On the 16th the two prisoners Smith and Whitehouse were led out to execution. Smith suffered, after warning the crowd which attended him to guard against breaking the Sabbath. Whitehouse, being evidently the tool of Smith, and a much younger man, was pardoned by the governor. His excellency, after the execution, expressed in public orders, his hope that neither the example he had that day found himself compelled to make of one offender, nor the lenity which he had shown to another, would be without their effect: it would always be more grateful to him to spare than to punish; but he felt it necessary on that occasion to declare, that if neither the justice which had been done, nor the mercy which had been shown, tended to decrease the perpetration of offences, it was his determination in future to put in execution whatever sentence should be pronounced on offenders by the court of criminal judicature.
A small printing-press, which had been brought into the settlement by Mr.
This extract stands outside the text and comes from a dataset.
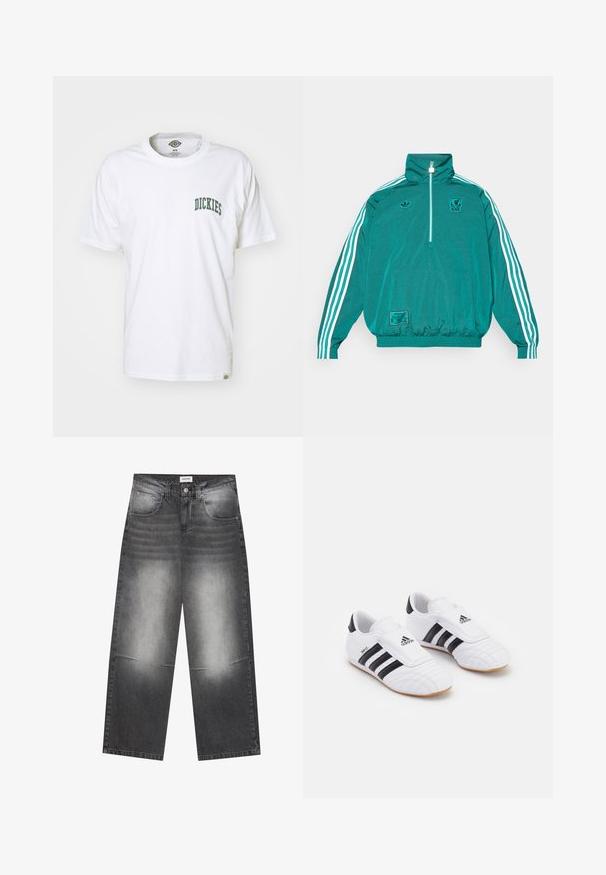 adidas Originals LIVERPOOL FC ICON HALF ZIP JACKET - Klubové oblečenie - sea green; Dickies AITKIN CHEST TEE - Tričko s potlačou - white; Široké čierne denimové džínsy s vyblednutým šedým povrchom, s prednými vreckami, zapínaním na gombík a jemným opotrebovaním na kolenách.; Biele športové topánky s čiernymi pruhmi, so semišovou štruktúrou, okrúhlou špičkou a suchým zipsom. Gumová podrážka pre trakciu.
Phillip, and had remained from that time unemployed, was now found very useful; a very decent young man, one George Hughes, of some abilities in the printing line, having been found equal to conducting the whole business of the press. All orders were now printed, and a number thrown off sufficient to ensure a more general publication of them than had hitherto been accomplished.
Some time after the arrival of the Sovereign the full allowance of salt meat was issued, and the hours of public labour regulated, more to the advantage of government than had for a considerable time, owing to the shortness of the ration, been the case. Instead of completing in a few hours the whole labour which was required of a man for the day, the convicts were now to work the whole day, with the intermission of two hours and a half of rest. Many advantages were gained by this regulation; among which not the least was, the diminution of idle time which the prisoners before had, and which, emphatically terming their own time, they applied as they chose, some industriously, but by far the greater part in improper pursuits, as gaming, drinking, and stealing.
The full ration of flour was issued to the Military, on account of the 'hard duty which had lately fallen upon the regiment;' but they were informed, that the quantity of flour in the public store would not admit of their receiving such allowance for any length of time. Four pounds were issued to the prisoners, and some other grain given to them to make up the difference.